* WHAT IS REQUIRED
In the listing below, locate the line with "De Kleur van" and the line with "Calculateur moteur IAW", then output both and everything between them exactly, minus any pictures.

* RECORDS FOR THE EXERCISE
★ ★ ★ ★ ★ ★ ★

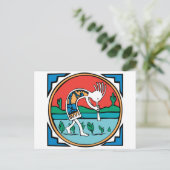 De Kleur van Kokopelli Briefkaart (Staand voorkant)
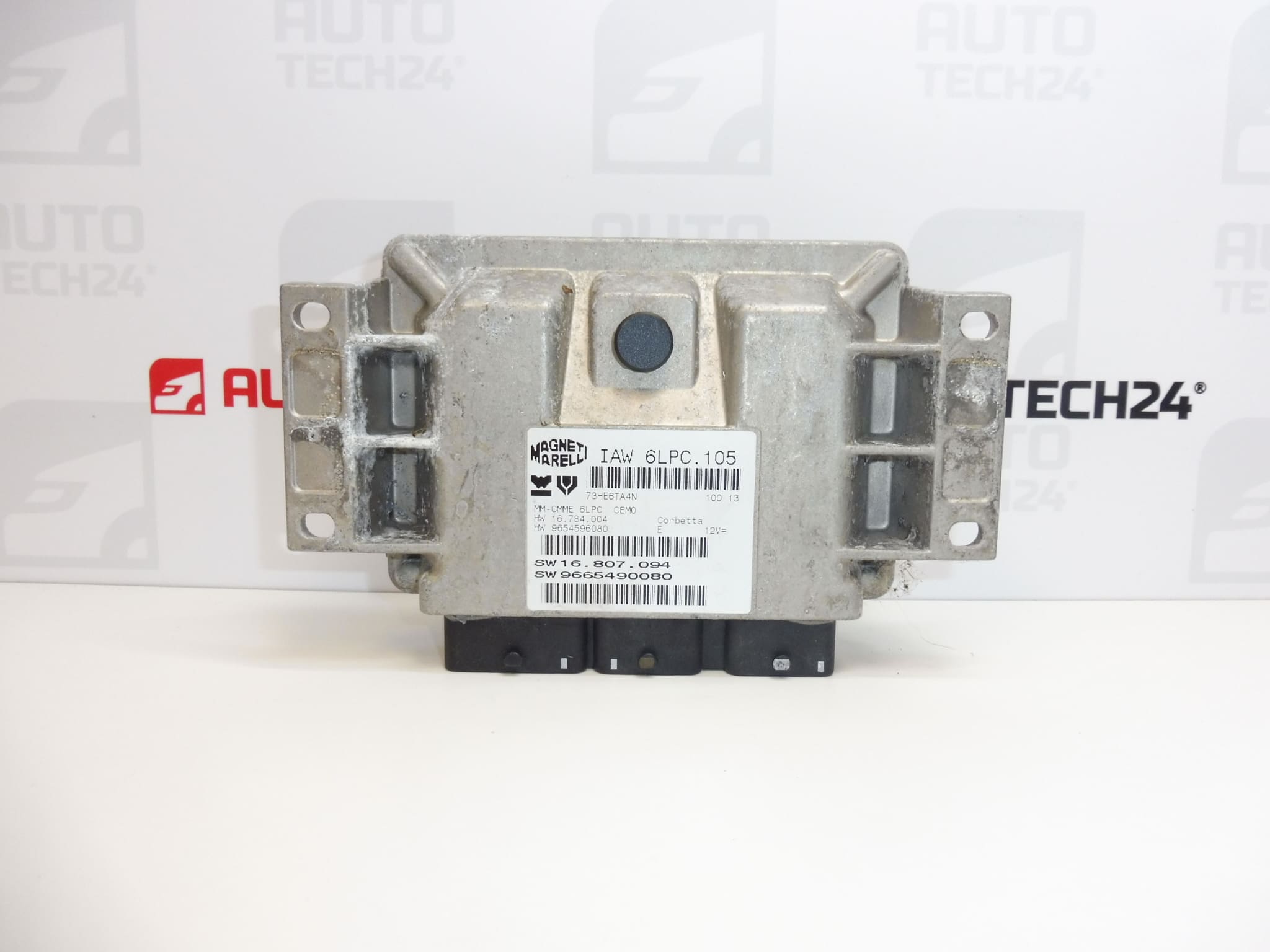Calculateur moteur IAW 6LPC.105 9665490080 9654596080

★ ★ ★ ★ ★ ★ ★

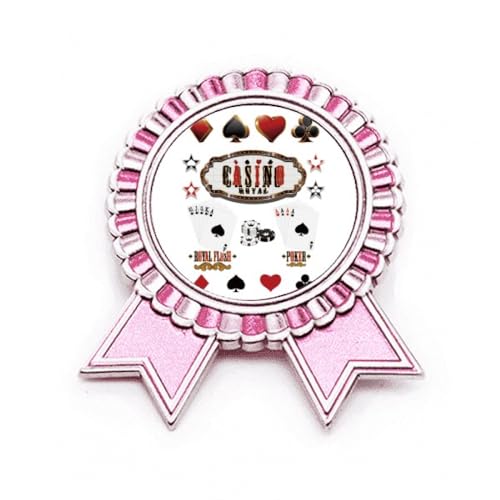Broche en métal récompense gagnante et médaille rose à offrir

★ ★ ★ ★ ★ ★ ★

* WRITTEN ANSWER
 De Kleur van Kokopelli Briefkaart (Staand voorkant)
Calculateur moteur IAW 6LPC.105 9665490080 9654596080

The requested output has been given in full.